During the medieval period, St Cuthbert became politically important in defining the identity of the people living in the semi-autonomous region. Within this area the saint became a powerful symbol of the autonomy the region enjoyed. The inhabitants of the Palatinate became known as the "haliwerfolc", an Old English phrase which roughly translates as "people of the saint", and Cuthbert gained a reputation as being fiercely protective of his domain.

An example of Cuthbert's importance is the Battle of Neville's Cross in 1346, when the prior of Durham Cathedral received a vision of Cuthbert ordering him to take the corporax cloth of the saint and raise it on a spear point near the battlefield as a banner. Doing this, the prior and his monks found themselves protected "by the mediation of holy St Cuthbert and the presence of the said holy Relic."

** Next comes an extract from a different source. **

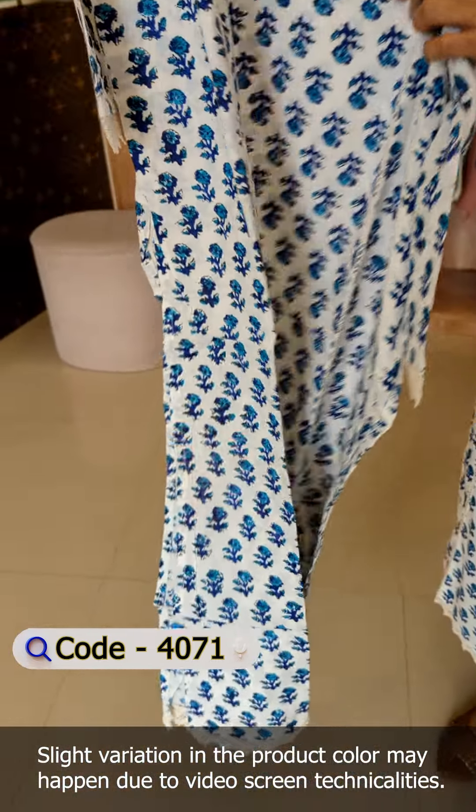It has a waist-to-full round elastic. The size is available in medium and large. I will show you the price as well.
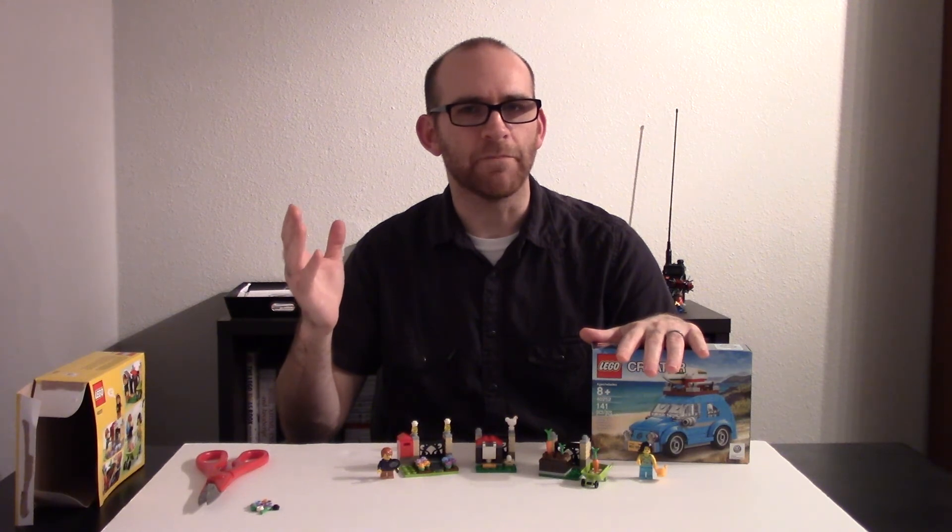In fact, this LEGO set was going to be a part of Steph's Easter basket, except she reminded me that I told her it was going to be a birthday present. So I did want to let you know that we did get the LEGO buggy and I hope you get one too. I also hope you have a happy Easter. Over and out.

Symeon of Durham related a tale of a tax gatherer named Ranulf, who was sent by William the Conqueror to force the people of the saint to contribute to the national revenue. St. Cuthbert, angry at this infringement of his liberties, "horribly visited" Ranulf, who was glad to escape alive from the bishopric. The tale, despite the fact it likely postdates the events described, is still of value as it shows the local notion of the bishop's privilege in the matter of taxation.

== Legacy ==
Several buildings related to the bishops of Durham and the palatinate survive, including the castles at Durham, Norham, and Bishop Auckland, and the exchequer building on Palace Green in Durham.

The County Palatine has been used by the tourism industry to promote Durham, often using the tagline 'land of the prince bishops'. The phrase can also be seen on road signs when entering the County Durham unitary authority.